- Exercise requirements
All lines in the records below from the line with "obálka: Fuck the System" through the line with "Volkswagen Taigo 1.0 TSI R-Line" are to be given again exactly, both ends included; the pictures are to be left out.

─── Input data

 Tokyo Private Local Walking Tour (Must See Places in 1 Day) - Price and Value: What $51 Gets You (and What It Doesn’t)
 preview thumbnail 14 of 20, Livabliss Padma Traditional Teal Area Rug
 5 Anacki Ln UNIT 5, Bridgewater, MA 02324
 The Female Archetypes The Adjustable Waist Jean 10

──────
─── Input data

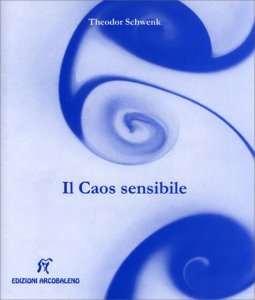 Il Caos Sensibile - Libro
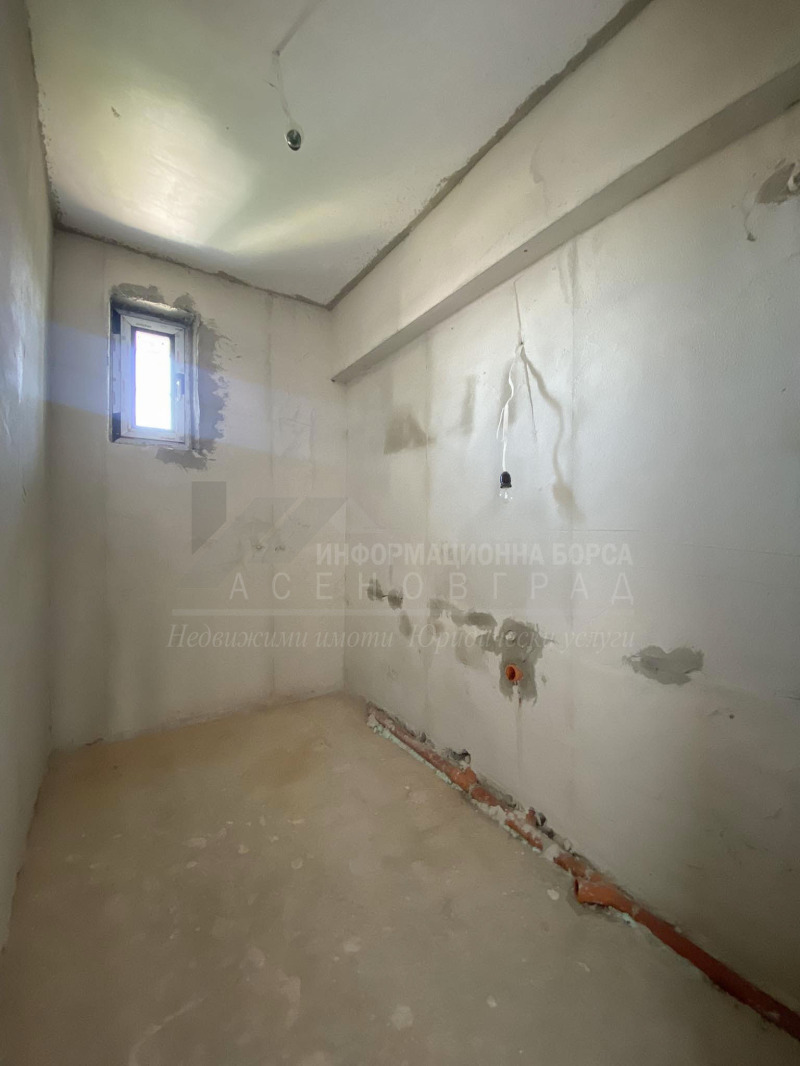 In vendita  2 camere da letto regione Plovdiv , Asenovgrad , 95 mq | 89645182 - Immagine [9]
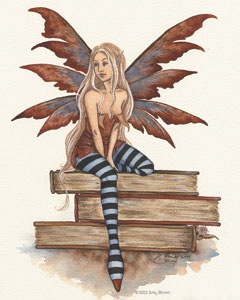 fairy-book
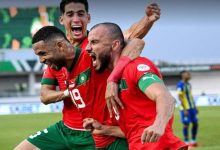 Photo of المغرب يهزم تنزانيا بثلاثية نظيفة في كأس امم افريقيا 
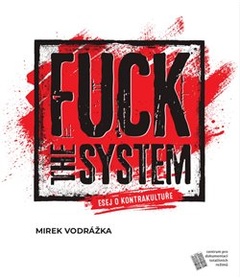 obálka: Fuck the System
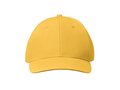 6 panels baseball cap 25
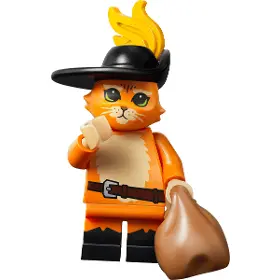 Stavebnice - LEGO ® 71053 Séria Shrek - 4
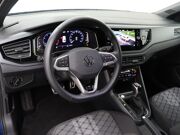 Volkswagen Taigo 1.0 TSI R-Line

──────

- Task result
 obálka: Fuck the System
 6 panels baseball cap 25
 Stavebnice - LEGO ® 71053 Séria Shrek - 4
 Volkswagen Taigo 1.0 TSI R-Line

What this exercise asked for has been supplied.